Earlier this year, the US Court of Appeals for the Federal Circuit reversed a district court decision for relying on an incorrect standard for indefiniteness. (Nature Simulation Systems Inc. v. Autodesk, Inc). Now, in response to a motion for panel rehearing, the Federal Circuit modified its decision on rehearing deleting language. Nature Simulation Systems Inc. v. Autodesk, Inc., Case No. 20-2257 (Fed. Cir. Oct. 17, 2022) (Lourie, Dyk, Newman JJ.) (Dyk, J., dissenting)

Nature Simulations Systems asserted two patents against Autodesk (one a continuation-in-part of the other), both entitled “Method for Immediate Boolean Operations Using Geometric Facets.” According to the patents, the claimed methods are improvements upon a “Watson” method known in the prior art. The district court concluded that two terms—“searching neighboring triangles of the last triangle pair that holds the last intersection point” and “modified Watson method”—were invalid as indefinite based on “unanswered questions” regarding the scope of the claims posed by Autodesk’s expert. In the first reported decision, the Federal Circuit reversed. The Court held that the “unanswered questions” analysis used an incorrect legal standard, citing the specification as clarifying the scope of the claims and citing case law on deference to US Patent & Trademark Office examiners.

Following rehearing, the Federal Circuit slightly modified its decision in two primary ways but maintained its reversal of the district court’s ruling on indefiniteness.
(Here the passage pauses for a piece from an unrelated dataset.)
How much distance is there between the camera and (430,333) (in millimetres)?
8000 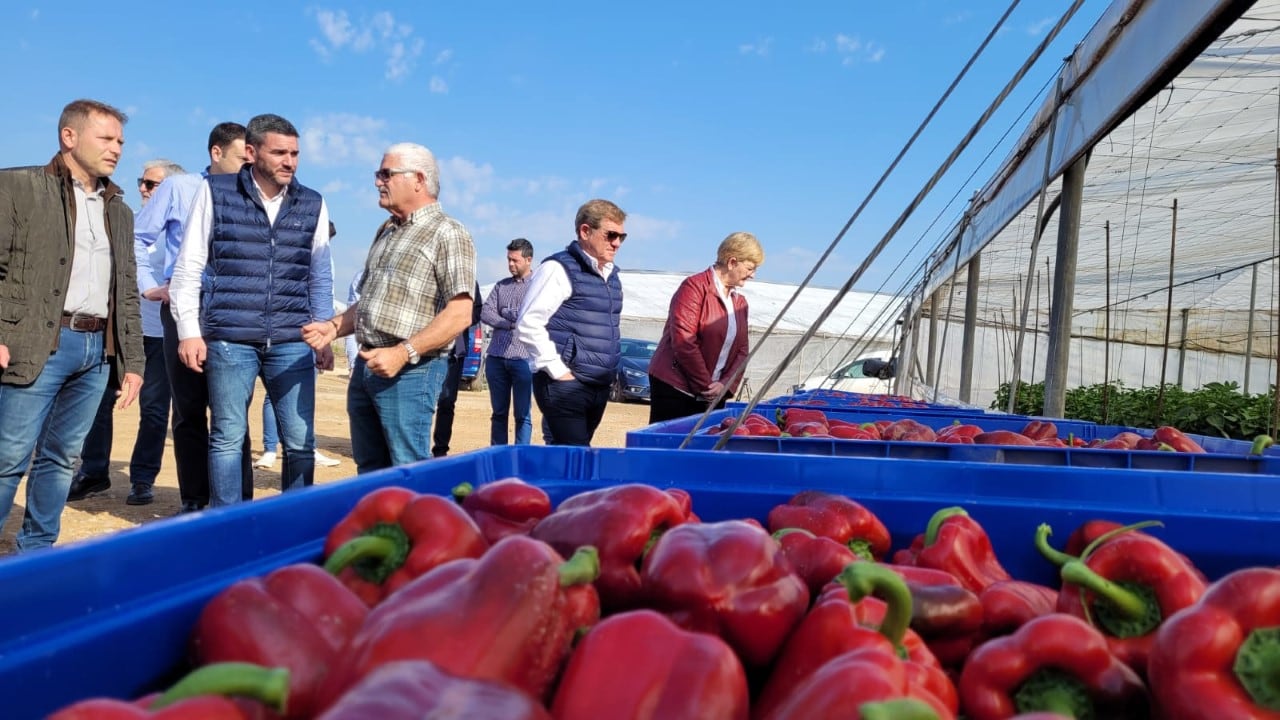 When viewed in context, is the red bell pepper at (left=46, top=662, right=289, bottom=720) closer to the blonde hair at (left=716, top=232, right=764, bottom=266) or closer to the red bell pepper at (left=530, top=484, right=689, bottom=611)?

First, the Federal Circuit added an explanation regarding how the specification answers the questions raised by Autodesk. The Court stated that “the language that the court stated ‘is not contained in the claim language’ is in the specification,” and cited a flowchart and accompanying description in the patent. The Court found fault in Autodesk’s argument because “[t]he claims set forth the metes and bounds of the invention; they are not intended to repeat the detailed operation of the method as described in the specification.”

Second, the Federal Circuit backed away from its previous reliance on deference to the examiner. In its earlier decision, the Court explained that the examiner had issued rejections for indefiniteness but withdrew them after amendments to the claims. The Court then spent a little over a page of the opinion explaining that, as official agency actors experienced in the technology and legal requirements for patentability, patent examiners are entitled to “appropriate deference.” Following rehearing, the Court removed the portion of the opinion addressing examiner deference entirely while maintaining the criticism that the district court gave “no weight to the prosecution history showing the resolution of indefiniteness by adding the designated technologic limitations to the claims.” In support, the Court cited cases holding that claims are construed in light of the specification and file history from the perspective of skilled artisans.

Judge Dyk again dissented, stating that “[t]he fact that a patent examiner introduced the indefinite language does not absolve the claims from the requirements of 35 U.S.C. § 112.” Judge Dyk argued that far from adopting a flawed “unanswered questions” analysis, the district court’s analysis was detailed and [...]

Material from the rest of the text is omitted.